New Zealand naval officer and diplomat

George Edwin Lisle Alderton (11 January 1888 – 20 August 1969) was a New Zealand naval officer and diplomat. He served as the New Zealand High Commissioner to Australia from 1950 to 1958.

==Biography==
Alderton was born in 1888 at Whangārei, the son of George Alderton. He was educated at Whangarei High School and Auckland Grammar School. He was also a provincial hockey representative for Auckland. He attended Auckland University College and worked as a lawyer and was a partner in an Auckland legal firm.
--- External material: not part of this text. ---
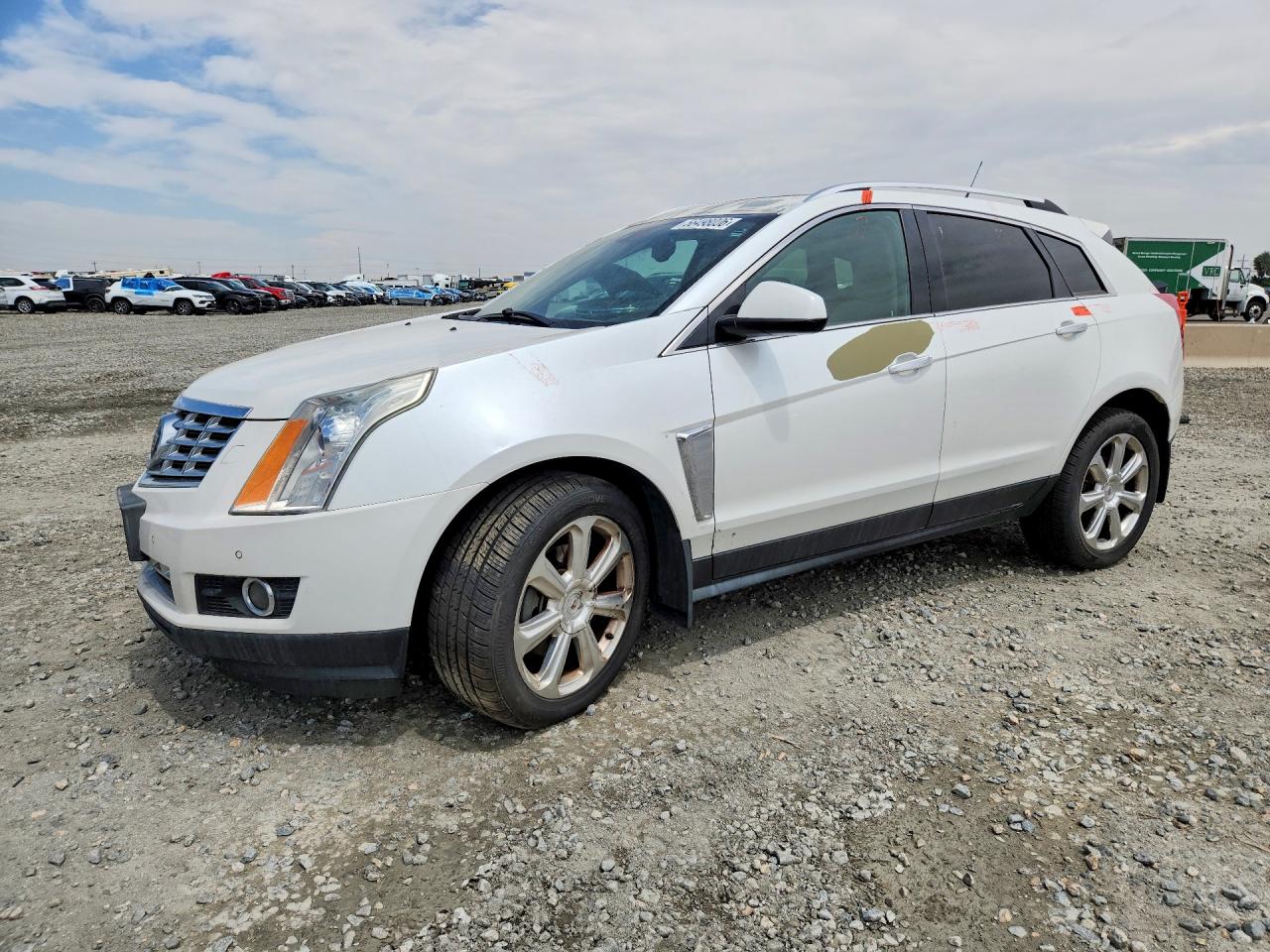 Salvage Cadillac SRX Image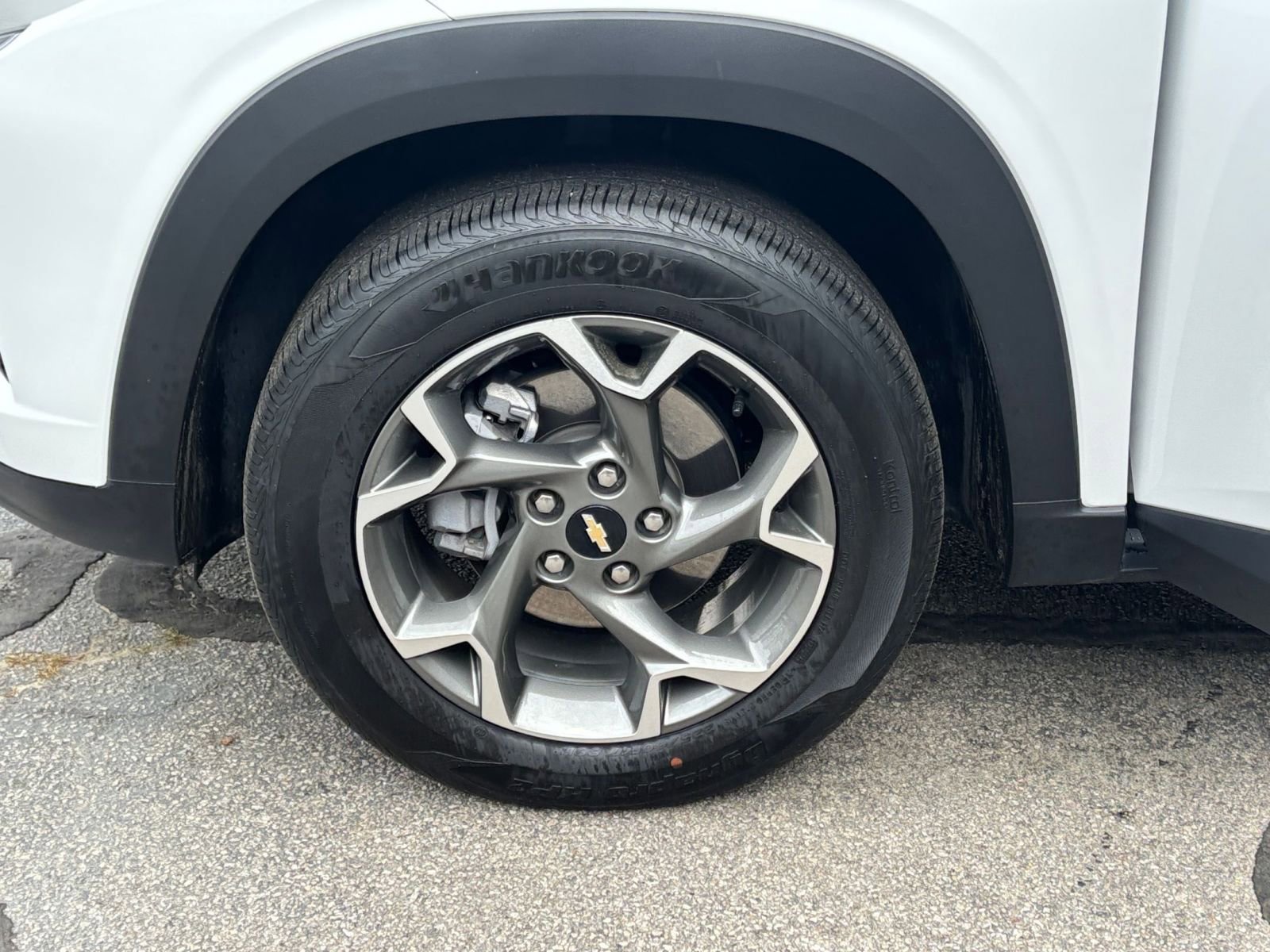 Used 2025 Chevrolet Trax LT FWD image 31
He served in the navy in World War I and again in World War II. In 1933 he became chairman of the Transport Appeal Board and chairman of the Transport Co-ordination Board from 1934 to 1936. He was a foundation member of the National Party and in 1936 he was elected chairman of the National Party's Auckland provincial executive. In 1945 he married Kathleen Bronwen Lewis Leonard.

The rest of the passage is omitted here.